An especially harsh component of the proposed legislation adds work requirements in order to receive benefits. There are work requirements now, but state waivers are permitted and forty-five states, including Kentucky, have received waivers due to local employment conditions. This proposal will prohibit any state waiver and will not provide the guarantee of a job or job training. Voting for this would kick people and families off the program with no job.

As a result childless adults aged 18 to 50 who can’t find at least a half-time job would be summarily thrown off the program after 90 days — regardless of how high local unemployment is. The resulting hardship would be extraordinary. Most of these childless adults are already ineligible for any federal cash assistance and, in most states, for any state or local cash assistance either — no matter how poor they are. Or whether they have food needed for life.

To reduce the number of persons who need food stamps, Congress should be spending time and money on creating full-time, living wage jobs so workers can support their families.
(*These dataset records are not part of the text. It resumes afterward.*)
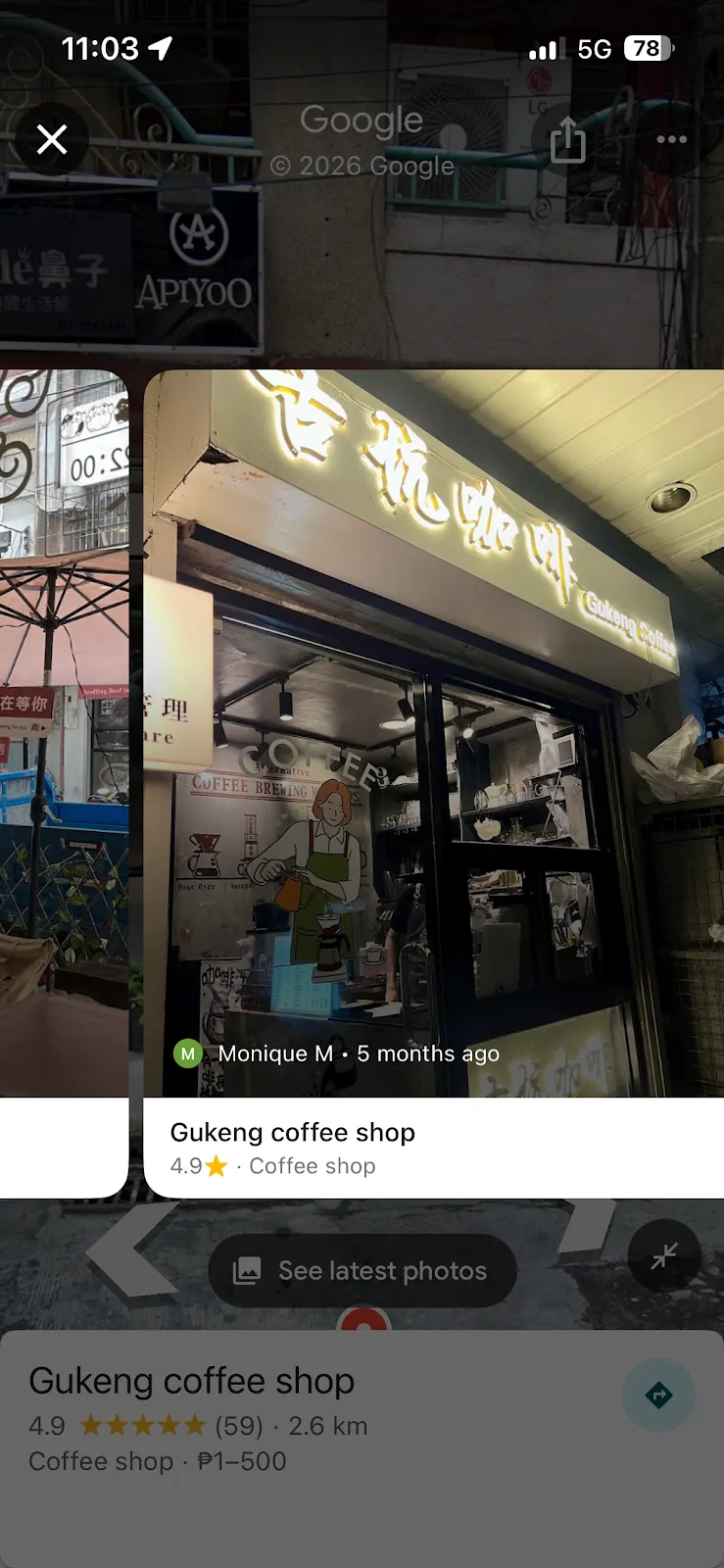 Gukeng coffee shop in Binondo, Manila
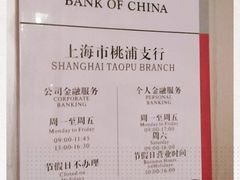 -中国银行(上海市桃浦支行)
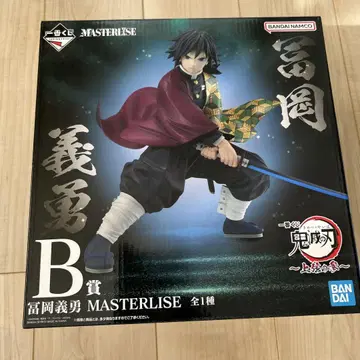 토미오카 기유 MASTERLISE B상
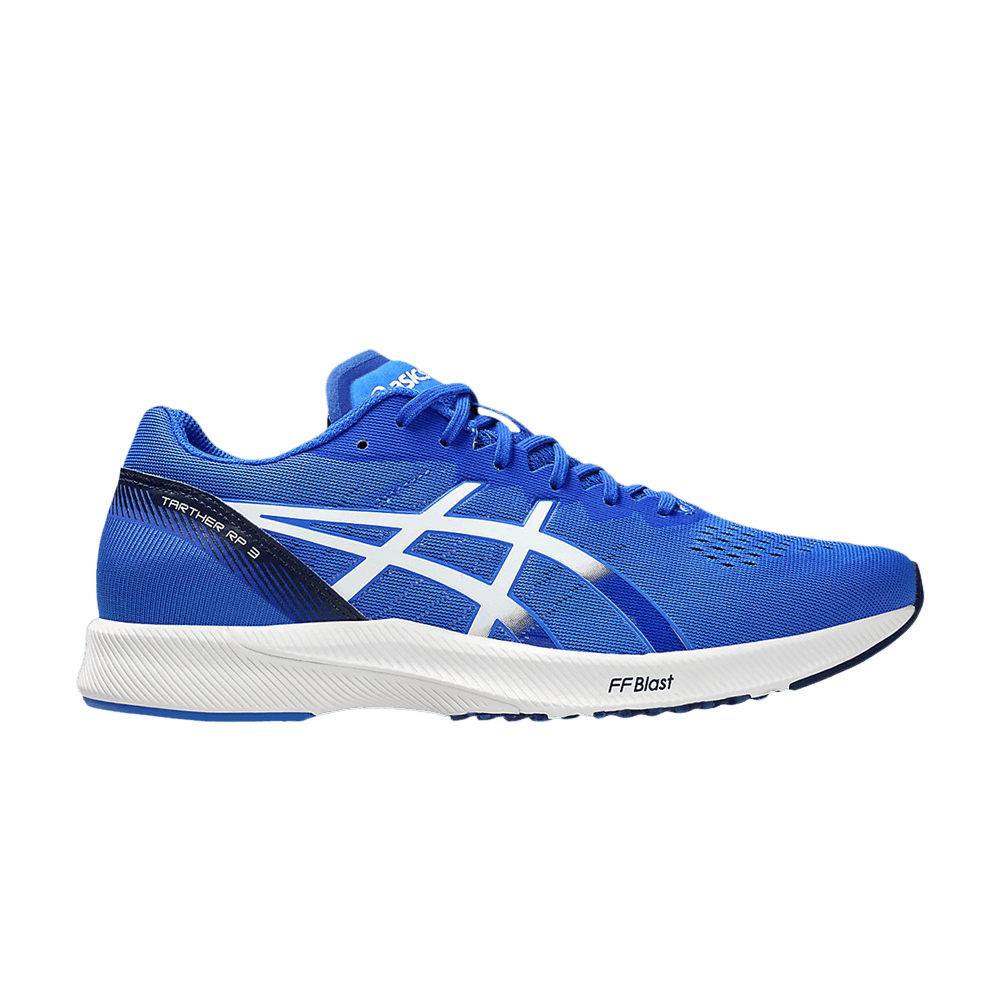 tarther-rp-3-illusion-blue-1011b465-404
Until that is done, the Catholic Conference of Kentucky urges Kentucky’s delegation to reject any effort to weaken the Food Stamp safety net. Instead, they ought to support the SNAP program because it is one of the most effective and important Federal programs to combat hunger in the nation. No other public or private sector program provides more food assistance for low-income Americans. SNAP lifts up both life and human dignity.

Father Delahanty is the executive director of the Catholic Conference of Kentucky.